- Born: Marino Ghislainus Keulen 24 October 1963 (age 62) Tongeren, Belgium
- Occupation: politician

= Marino Keulen =

Belgian politician

Marino Ghislainus Keulen (born 24 October 1963) is a Belgian politician for Anders (formerly Open Flemish Liberals and Democrats). He is a representative in the Flemish Parliament, and served in the Flemish Government of 2004–2009 as Minister of Home Affairs, Urban Policy, Housing and Civic Integration.

Keulen was born in Tongeren. He obtained a (graduate) degree at the Provinciaal Hoger Handelsinstituut in Hasselt.

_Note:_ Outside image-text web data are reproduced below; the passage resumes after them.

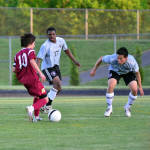 Click for full size image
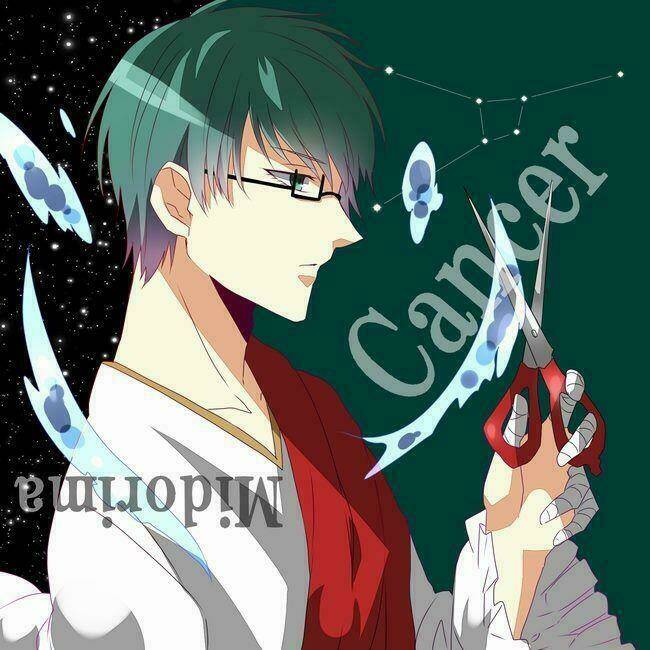 Vua Bóng Rổ Kuroko: Chapter 198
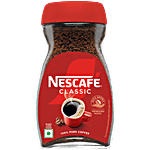 Nescafe  Classic Instant Coffee Powder 180 g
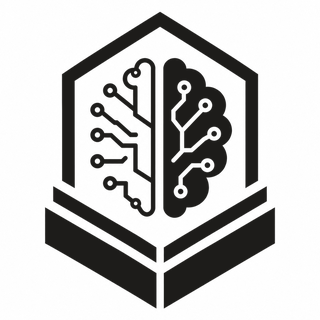 Intelligence Core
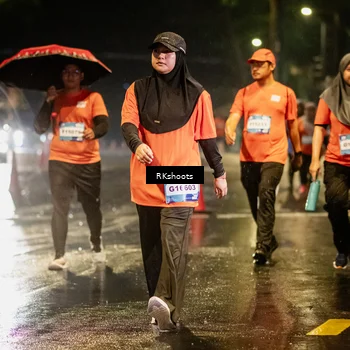 Runner Photo 7853997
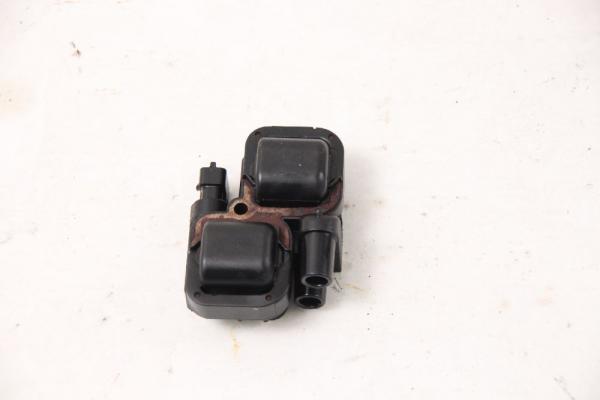 Zündspule 0001587803 Mercedes B-KLASSE W245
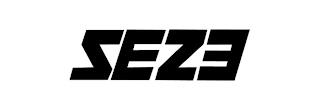 SE23 trademark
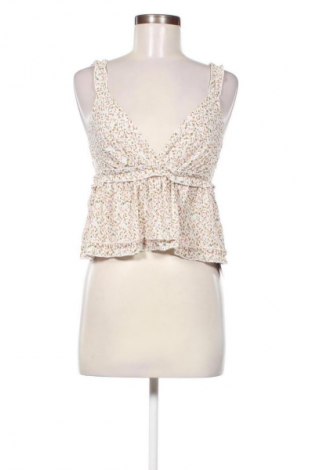 Top de femei SHEIN, Mărime M, Culoare Multicolor, Preț 15,99 Lei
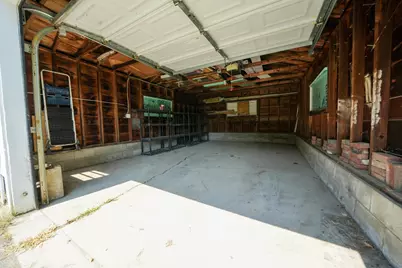 81 Pine Street, Old Town, ME 04468 - Photo 9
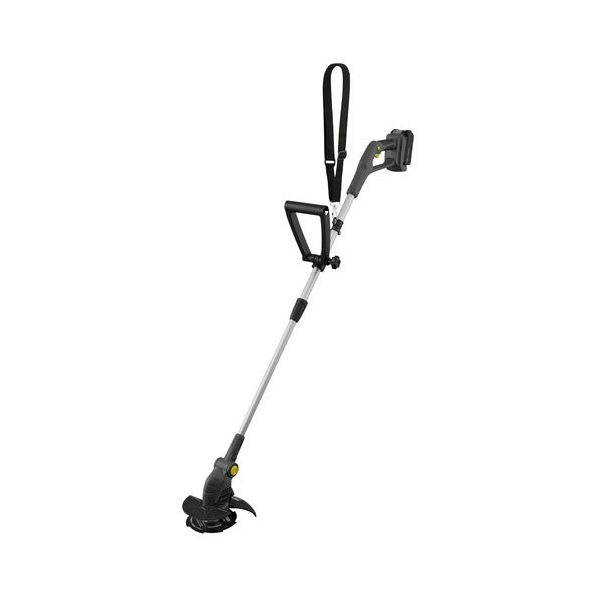 JGT160M4-H グレー 充電式グラストリマー メーカー直送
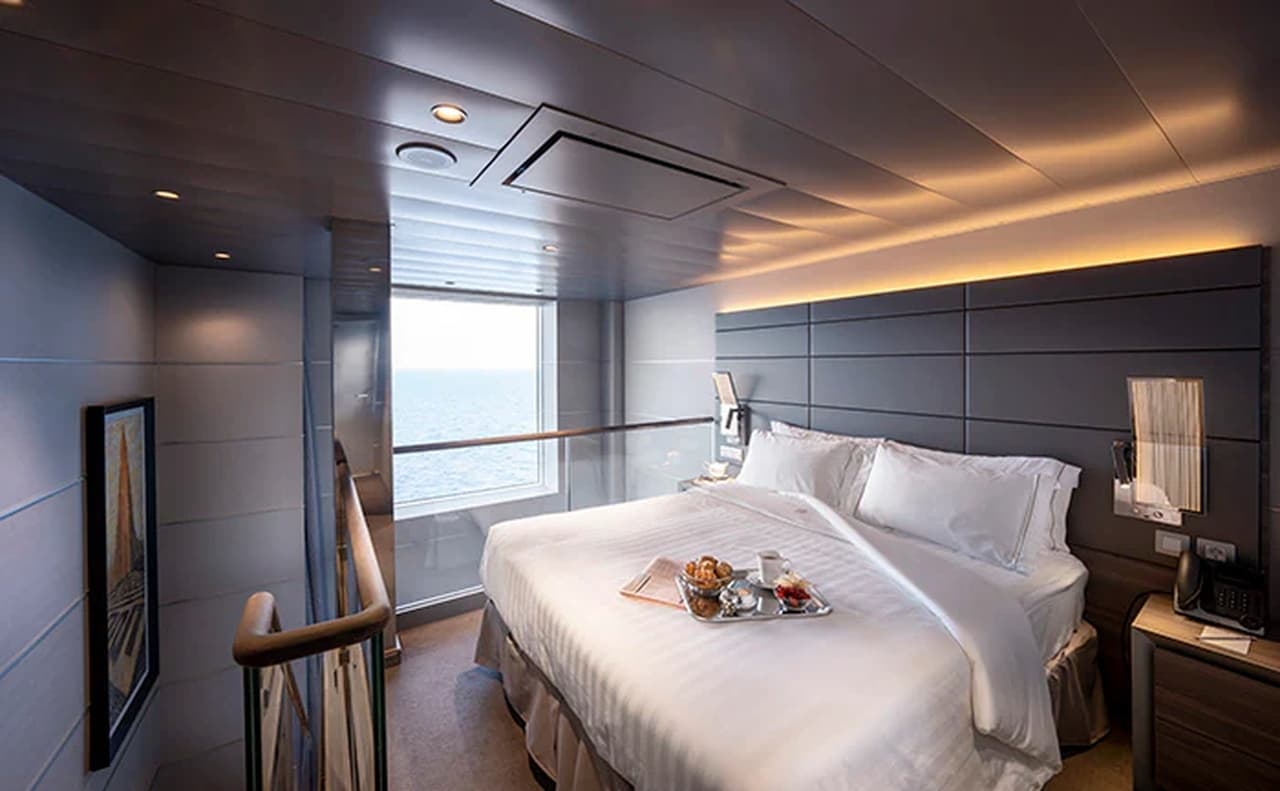 ycd_msc_yacht_club_duplex_suite_expandible_desktop_700x433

Keulen served in the provincial council of Limburg 1994–1995 but gave up the seat when he was elected to the Flemish Parliament in 1995. Keulen was re-elected in 1999 and 2004. After a cabinet shuffle in 2003, Keulen entered the Flemish government as Flemish Minister for Housing, Media and Sport. After the regional elections of 2004, Keulen became Flemish Minister for Home Affairs, Urban Policy, Housing and Civic Integration.

Keulen was elected to the municipal council of Lanaken in 1988 and was re-elected in 1994, 2000 and 2006. From 1995 to 2000, Keulen served as an alderman in Lanaken. From 2007 on, Keulen served as the President of the municipal council of Lanaken.